Amir AlexanderFeb 26, 2007

With Observations in Full Swing, Team Prepares to Remove "Sunglasses" from Telescope

Winter time is observing time at the Oak Ridge Observatory in Massachusetts, when humidity is low and the sky is often clear. And so it has been for the Optical SETI telescope, which opened its doors in April 2006. This is the first winter of observations for the telescope, and Paul Horowitz and his team have been very busy. After a period spent testing and bringing its systems to working order, the telescope began scanning the skies more regularly last fall. Taking advantage of every clear night, the Optical SETI telescope has now covered nearly half of the northern skies in its search for that telltale flash of light from the stars.

Covering so much of the sky in such a short span of time is a testament to just how much things have changed at the Optical SETI observatory in its ten months of operation. The early sets of observations were conducted manually from the observatory building itself. It was hard work and slow going, but it was necessary in order to test the telescope and establish its capabilities. Over the summer Horowitz, Postdoctoral fellow Andrew Howard, graduate students Curtis Mead and Jason Gallicchio, and undergraduate Steve Howard put in place the computerized controls that allow them to remotely control all the operations of the telescope.

These days, explained Mead, it can take as little 5 minutes online to program a full night’s observations from the comfort of the SETI lab on the Harvard campus. In practice, though, Mead and his colleagues don’t settle for this bare minimum, but monitor the operations for around 30 minutes. They check with their web-based weather service to make sure that conditions are suitable for observations, and they view the image from the digital night-sky camera that is located at the observatory. If the skies are overly cloudy, or if conditions risk damage to the telescope, no observations will take place. But on most nights the team gives the go ahead for the observations to begin, and continue through the night. They stay around for the first few minutes to make sure that the roof had opened properly and then watch as the initial data starts streaming in. That is all. The telescope will continue observing on its own and shut down automatically as morning comes. When Team members return to the lab in the morning, the results of the night’s observations will be waiting for them.
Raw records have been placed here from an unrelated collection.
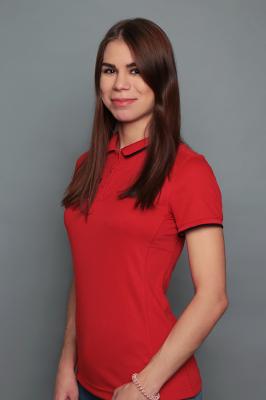 Ангелина Мерзлякова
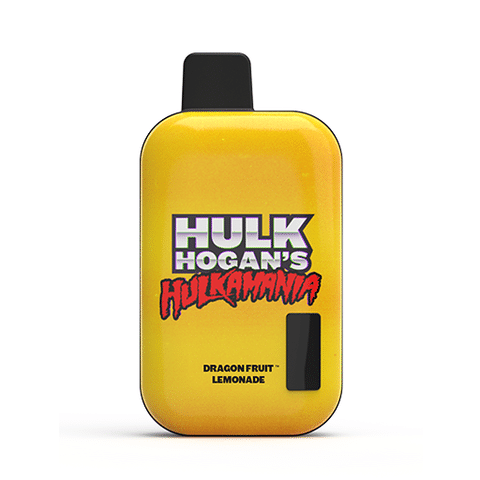Hulk Hogan’s – HULKAMANIA | 8000 Puffs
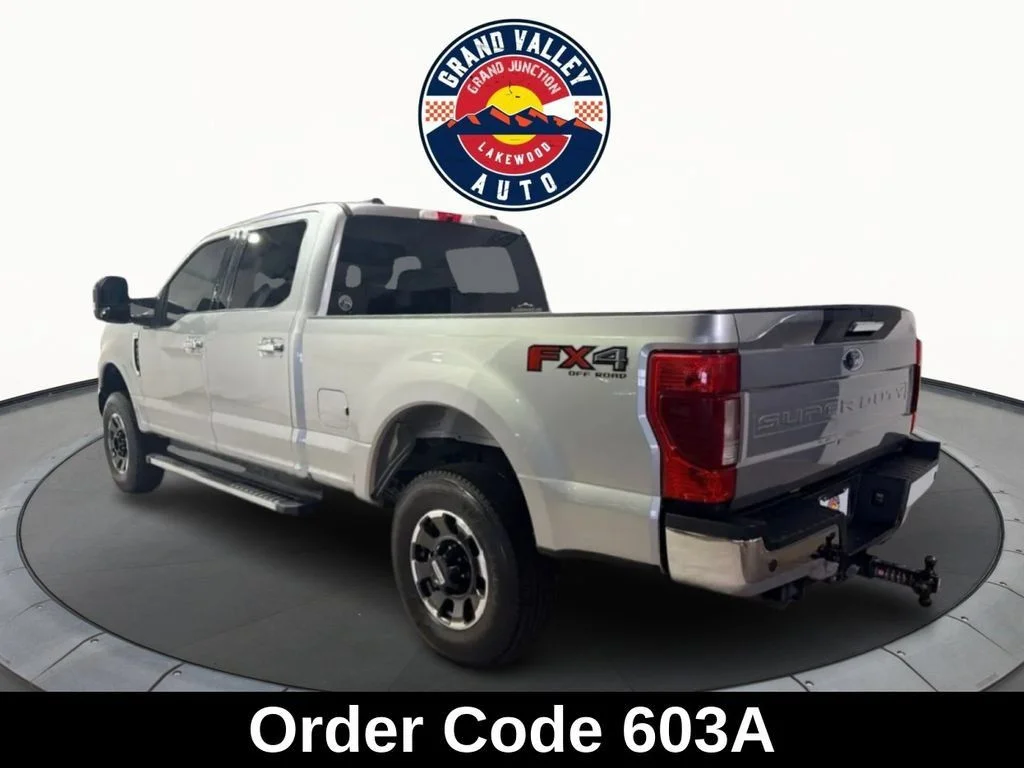 Used 2021 Silver Ford XLT image 7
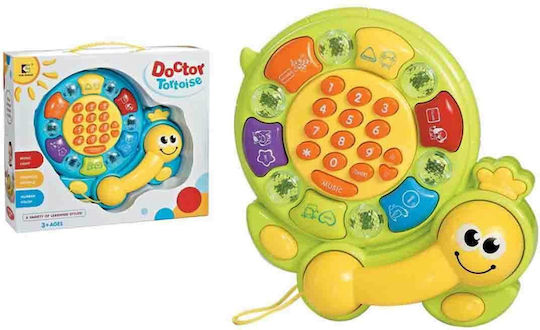 Zita Toys Toy Phone Battery Phone with Sounds for 3++ Months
If this isn’t simple enough, Horowitz’s team have plans to make things easier still. This summer they hope to install more sophisticated software to control the telescope, which will automatically adjust its bearings every night, taking into account weather and visibility conditions. According to Mead, it should then be possible to program the telescope just once a month. The telescope will then follow its plan of observations without need for human intervention.

When funding from The Planetary Society comes through, Horowitz’s team are also planning to replace the “pixel amplifiers” in the telescope’s camera, increasing the telescope overall sensitivity five times over. The pixel amplifiers take the signal received by the camera’s 1024 photo multiplier tube (PMT) pixels and amplifies them, before passing them on to be analyzed for the presence of light signals. Up to this point, explained Mead, the telescope was operating with an older set of amplifiers, which the team originally tried to replace even before the telescope was inaugurated last April. When the replacement amplifiers did not perform as hoped, they fixed up the old amplifiers and have used them ever since. In effect, said Mead, “up to this point we have been running the telescope with sun-glasses on.”
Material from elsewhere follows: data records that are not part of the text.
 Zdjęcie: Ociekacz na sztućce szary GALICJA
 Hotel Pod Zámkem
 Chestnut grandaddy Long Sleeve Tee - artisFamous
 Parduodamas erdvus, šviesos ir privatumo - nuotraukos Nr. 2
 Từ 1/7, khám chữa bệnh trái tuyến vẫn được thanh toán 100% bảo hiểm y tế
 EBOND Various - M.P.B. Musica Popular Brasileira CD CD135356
With funding from the Planetary Society, these glasses could be coming off soon. Howard and Mead are currently working on new amplifiers that could revolutionize the telescope’s capabilities. Instead of detecting signals with a minimum strength of 100 photons per square meter, the newly equipped telescope will be able to detect signals only one fifth as strong - 20 photons per square meter. This means that the telescope will now be able to detect a signal five times weaker than before, from up to 12 times as many of stars. A weak or distant alien signal, which would have been overlooked with the old amplifiers, could now come through bright and clear.
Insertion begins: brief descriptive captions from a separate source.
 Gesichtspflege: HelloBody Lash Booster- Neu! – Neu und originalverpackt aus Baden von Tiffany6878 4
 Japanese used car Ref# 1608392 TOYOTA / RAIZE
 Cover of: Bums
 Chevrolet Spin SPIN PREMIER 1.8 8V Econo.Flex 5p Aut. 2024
The search for that brief flash of light from the sky that will tell us we are not alone in the universe continues unabated at the Oak Ridge Observatory on a quiet Massachusetts hilltop. Almost every night the telescope points giant mirror upwards, and scans another patch of starry skies. But not tonight. “It's cloudy with 100% chance of rain" explained Mead. The search for an alien civilization will wait for another night.